La presión de los separatistas al conjunto de la sociedad catalana para imponer la celebración de una consulta ilegal ha rebasado todos los límites admisibles. Amparados por el Gobierno regional de Cataluña, cuyos máximos dirigentes han hecho suyo el lenguaje de los antisistema de la CUP, los impulsores de la operación secesionista campan a sus anchas acosando a las Fuerzas y Cuerpos de Seguridad del Estado, señalando a los que consideran sus enemigos políticos y ejerciendo todo tipo de presiones intolerables.

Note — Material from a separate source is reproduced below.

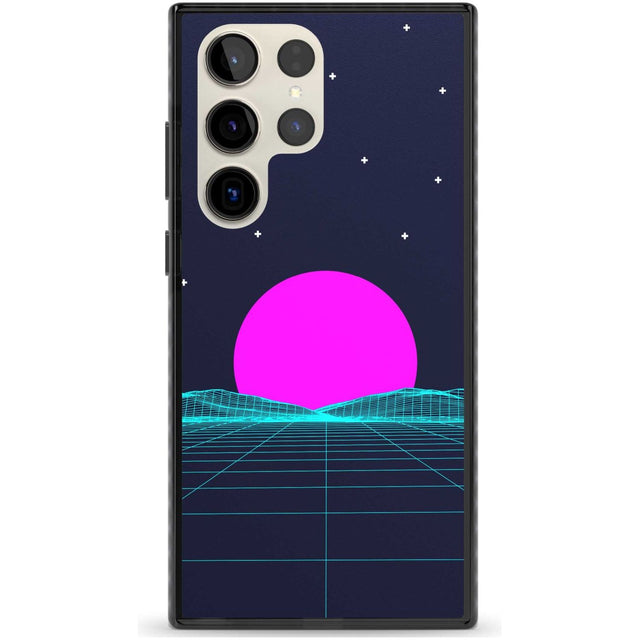 Miami Sunset Vaporwave Phone Case Samsung S22 Ultra / Black Impact Case,Samsung S23 Ultra / Black Impact Case Blanc Space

Quienes detentan el poder en la Generalidad y en el Parlamento regional catalán se han excedido con creces en el ejercicio de sus funciones y se han colocado fuera de la ley, circunstancia gravísima que el Gobierno de España pretende contrarrestar con un mero recurso a los tribunales.

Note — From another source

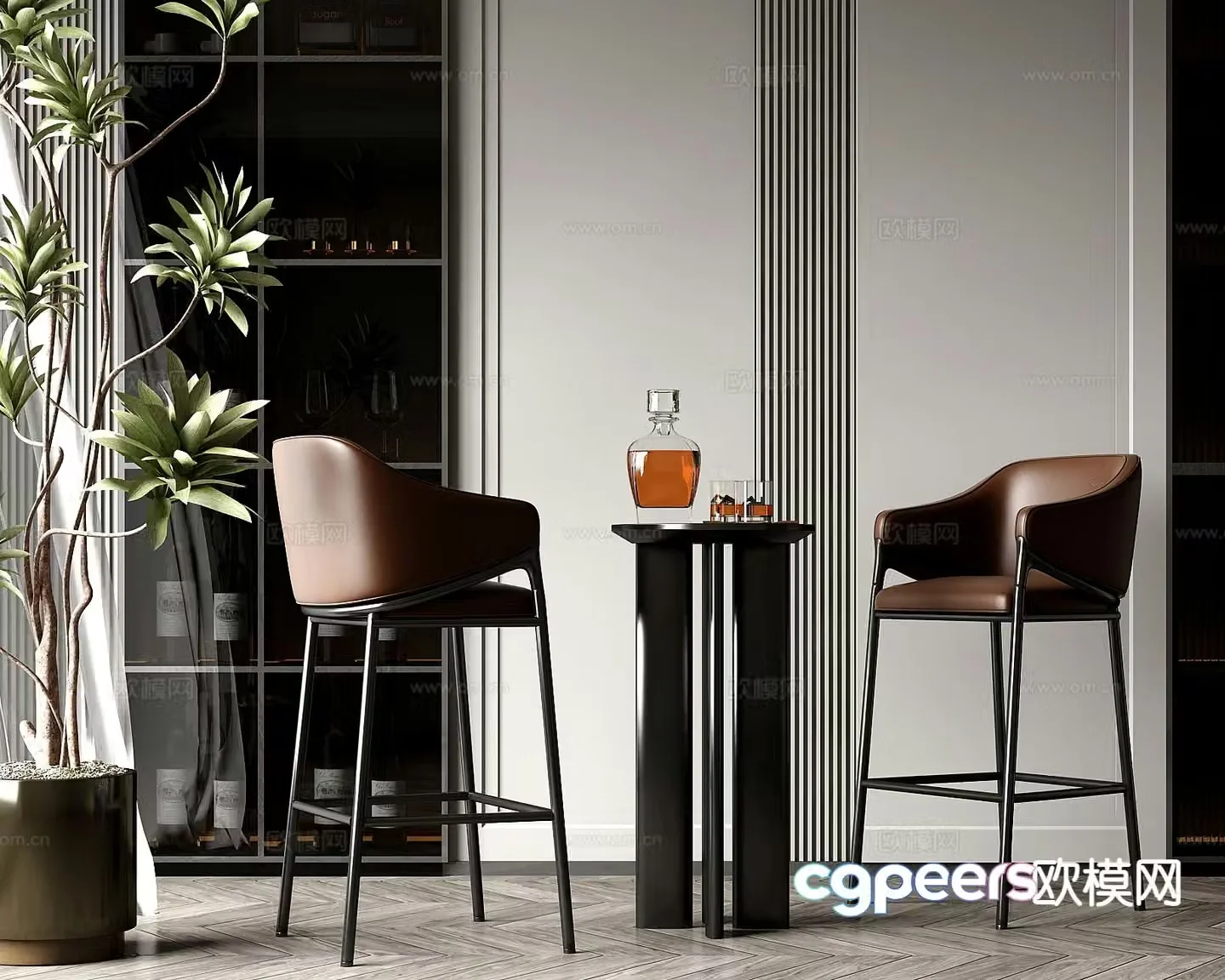 Modern bar stool bar stool 3d model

El Estado posee el monopolio de la violencia legítima para imponer precisamente las leyes que regulan el funcionamiento de la sociedad. Cuando se ataca con contumacia la legalidad, el Estado tiene no ya el derecho sino la obligación de recurrir a los muy poderosos medios a su disposición para garantizar el imperio de la ley en todo el territorio.
Ante el desafío secesionista no caben ya discusiones bizantinas ni el floreo de salón, puesto que la legalidad ha saltado por los aires. Se trata de hacer que en Cataluña vuelva a regir la Constitución, pilar fundamental del Estado de Derecho, y de aplicar a todo el peso de la ley a los que la han dejado sin efecto en esas tierras por la vía de unos hechos consumados que pretenden culminar en menos de un mes con la celebración de un referéndum ilegal.